Sementara itu, pihak-pihak lain yang turut diamankan dalam operasi tangkap tangan masih menjalani pemeriksaan di Mapolresta Tulungagung. KPK memastikan akan memberikan perkembangan terbaru secara berkala kepada publik terkait proses penyidikan yang berlangsung.
Dalam mekanisme hukum yang berlaku, KPK memiliki waktu maksimal 1 x 24 jam untuk menentukan status hukum para pihak yang diamankan dalam OTT. Ketentuan ini mengacu pada Kitab Undang-Undang Hukum Acara Pidana (KUHAP), yang mengatur batas waktu penetapan tersangka setelah penangkapan.
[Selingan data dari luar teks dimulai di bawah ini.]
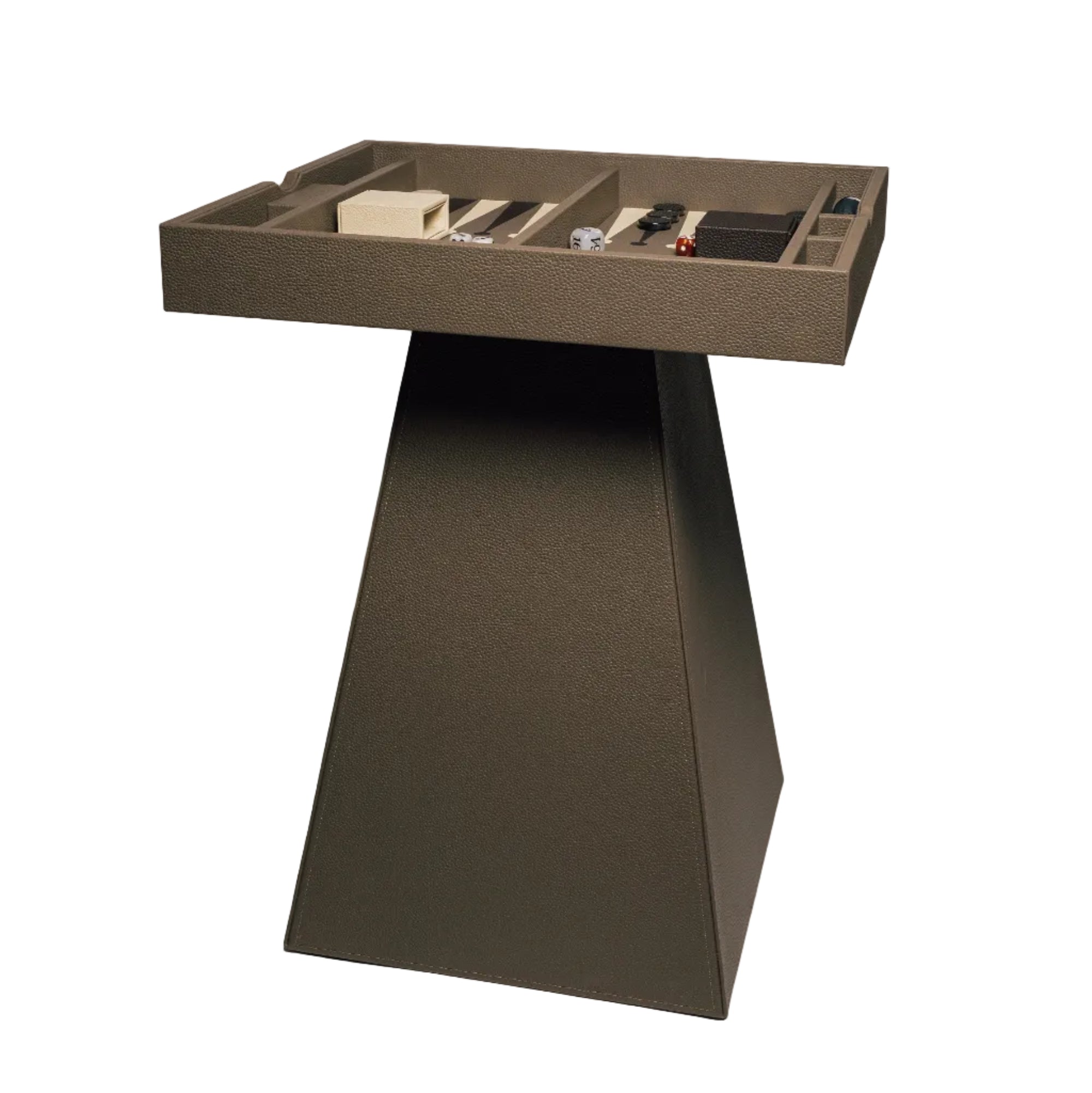Leather Game Table Taupe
Daftar OTT KPK Sepanjang Tahun 2026
Diketahui, dalam operasi tangkap tangan yang dilakukan pada Jumat (10/4), KPK mengamankan total 16 orang. Penangkapan ini menjadi OTT kesepuluh yang dilakukan lembaga antirasuah sepanjang tahun 2026. Rangkaian OTT KPK sepanjang tahun ini menunjukkan intensitas penindakan yang cukup tinggi.
Pada awal Januari 2026, KPK memulai operasi dengan menangkap delapan orang terkait dugaan suap dalam pemeriksaan pajak di Kantor Pelayanan Pajak Madya Jakarta Utara. Tidak lama berselang, pada 19 Januari 2026, KPK kembali melakukan OTT dan mengamankan Wali Kota Madiun, Maidi. Ia kemudian ditetapkan sebagai tersangka kasus dugaan pemerasan yang berkaitan dengan proyek dan dana CSR.
Masih di tanggal yang sama, KPK juga menangkap Bupati Pati, Sudewo, yang diduga terlibat dalam praktik pemerasan terkait pengisian jabatan perangkat desa. Pada Februari 2026, KPK melanjutkan operasi di berbagai daerah, termasuk di Banjarmasin terkait restitusi pajak serta kasus impor barang tiruan yang melibatkan pejabat Bea Cukai.
Selain itu, kasus di Pengadilan Negeri Depok juga menyeret sejumlah pejabat penting, termasuk hakim dan pihak swasta. Memasuki bulan Maret 2026, KPK kembali aktif melakukan OTT, bahkan di tengah suasana Ramadhan. Sejumlah kepala daerah seperti Fadia Arafiq, Muhammad Fikri Thobari, dan Syamsul Auliya Rachman turut terjerat dalam kasus dugaan korupsi.
Perhatian Publik Terhadap Kasus Gatut Sunu Wibowo
Kasus yang menjerat Gatut Sunu Wibowo kini menjadi perhatian publik karena menambah panjang daftar kepala daerah yang terlibat OTT sepanjang tahun ini. Dengan pemeriksaan intensif yang tengah berlangsung, publik menanti kejelasan status hukum serta konstruksi perkara yang akan diungkap KPK dalam waktu dekat.